### Material for the task
· · · · · · ·
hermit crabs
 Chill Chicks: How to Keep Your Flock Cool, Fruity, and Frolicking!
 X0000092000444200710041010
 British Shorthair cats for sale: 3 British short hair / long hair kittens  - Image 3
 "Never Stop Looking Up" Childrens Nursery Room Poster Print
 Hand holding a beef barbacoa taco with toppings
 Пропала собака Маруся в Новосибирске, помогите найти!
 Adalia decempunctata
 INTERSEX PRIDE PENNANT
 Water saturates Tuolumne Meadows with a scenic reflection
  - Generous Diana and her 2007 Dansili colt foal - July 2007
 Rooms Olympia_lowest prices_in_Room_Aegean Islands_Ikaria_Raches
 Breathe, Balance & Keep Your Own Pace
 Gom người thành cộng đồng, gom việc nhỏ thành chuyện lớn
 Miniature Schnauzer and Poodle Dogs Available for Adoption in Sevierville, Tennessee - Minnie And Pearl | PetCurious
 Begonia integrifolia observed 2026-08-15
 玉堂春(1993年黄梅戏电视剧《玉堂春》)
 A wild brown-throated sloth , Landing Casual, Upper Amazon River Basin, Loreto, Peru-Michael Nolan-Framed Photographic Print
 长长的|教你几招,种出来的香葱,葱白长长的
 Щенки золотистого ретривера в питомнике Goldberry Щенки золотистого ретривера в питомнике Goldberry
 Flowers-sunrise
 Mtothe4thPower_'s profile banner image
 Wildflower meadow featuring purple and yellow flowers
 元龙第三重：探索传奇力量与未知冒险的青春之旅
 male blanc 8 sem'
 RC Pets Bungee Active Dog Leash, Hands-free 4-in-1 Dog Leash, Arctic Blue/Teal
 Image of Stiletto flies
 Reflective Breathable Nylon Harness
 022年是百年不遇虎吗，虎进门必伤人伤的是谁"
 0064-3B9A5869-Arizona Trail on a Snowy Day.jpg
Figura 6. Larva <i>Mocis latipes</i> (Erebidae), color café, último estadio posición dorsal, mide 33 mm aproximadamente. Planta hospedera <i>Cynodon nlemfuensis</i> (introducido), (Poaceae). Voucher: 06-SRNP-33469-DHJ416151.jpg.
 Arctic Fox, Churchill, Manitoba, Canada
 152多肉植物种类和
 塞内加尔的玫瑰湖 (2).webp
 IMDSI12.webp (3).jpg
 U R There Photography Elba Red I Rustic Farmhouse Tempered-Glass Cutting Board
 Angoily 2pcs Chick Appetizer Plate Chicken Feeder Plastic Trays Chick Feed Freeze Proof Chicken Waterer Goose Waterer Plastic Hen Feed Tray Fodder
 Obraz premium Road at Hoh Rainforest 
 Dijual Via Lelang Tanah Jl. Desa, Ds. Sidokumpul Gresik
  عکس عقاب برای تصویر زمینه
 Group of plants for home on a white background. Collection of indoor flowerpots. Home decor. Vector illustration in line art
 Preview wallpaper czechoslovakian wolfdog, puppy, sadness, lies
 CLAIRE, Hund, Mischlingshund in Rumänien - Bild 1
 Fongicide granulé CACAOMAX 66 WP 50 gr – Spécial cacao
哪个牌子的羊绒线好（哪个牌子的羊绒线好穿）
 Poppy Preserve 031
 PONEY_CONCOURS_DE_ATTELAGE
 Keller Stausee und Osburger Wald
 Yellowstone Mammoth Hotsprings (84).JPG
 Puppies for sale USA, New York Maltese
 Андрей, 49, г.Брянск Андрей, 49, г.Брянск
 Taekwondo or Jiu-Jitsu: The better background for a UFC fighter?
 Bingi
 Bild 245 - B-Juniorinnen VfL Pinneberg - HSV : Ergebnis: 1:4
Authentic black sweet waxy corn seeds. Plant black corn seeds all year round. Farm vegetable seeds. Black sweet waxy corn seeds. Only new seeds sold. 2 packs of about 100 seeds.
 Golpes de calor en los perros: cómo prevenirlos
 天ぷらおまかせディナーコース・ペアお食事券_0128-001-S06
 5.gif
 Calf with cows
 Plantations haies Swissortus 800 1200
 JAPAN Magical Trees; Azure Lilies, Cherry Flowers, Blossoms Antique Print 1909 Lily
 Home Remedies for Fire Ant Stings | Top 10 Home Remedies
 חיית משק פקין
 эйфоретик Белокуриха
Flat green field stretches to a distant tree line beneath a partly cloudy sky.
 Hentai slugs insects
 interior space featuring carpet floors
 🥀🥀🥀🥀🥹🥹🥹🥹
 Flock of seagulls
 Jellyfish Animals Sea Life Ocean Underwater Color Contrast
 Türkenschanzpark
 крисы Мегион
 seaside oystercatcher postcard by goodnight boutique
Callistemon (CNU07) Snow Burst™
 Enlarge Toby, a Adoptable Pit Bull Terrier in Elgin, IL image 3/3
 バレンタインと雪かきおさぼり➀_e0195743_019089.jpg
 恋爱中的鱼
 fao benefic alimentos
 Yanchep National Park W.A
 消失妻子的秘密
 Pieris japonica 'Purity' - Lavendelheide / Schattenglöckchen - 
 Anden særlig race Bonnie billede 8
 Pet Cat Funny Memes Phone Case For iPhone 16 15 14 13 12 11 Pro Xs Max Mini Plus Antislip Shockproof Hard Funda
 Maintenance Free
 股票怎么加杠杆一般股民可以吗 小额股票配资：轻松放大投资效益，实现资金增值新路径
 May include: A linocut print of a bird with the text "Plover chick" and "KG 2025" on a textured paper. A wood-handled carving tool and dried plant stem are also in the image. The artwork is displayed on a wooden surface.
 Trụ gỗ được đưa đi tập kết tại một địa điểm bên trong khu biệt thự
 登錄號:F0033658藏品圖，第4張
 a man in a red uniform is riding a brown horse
· · · · · · ·
### What the task asks
State how many lines in the data include the string "with". Nothing else belongs in the reply.

### Task output
4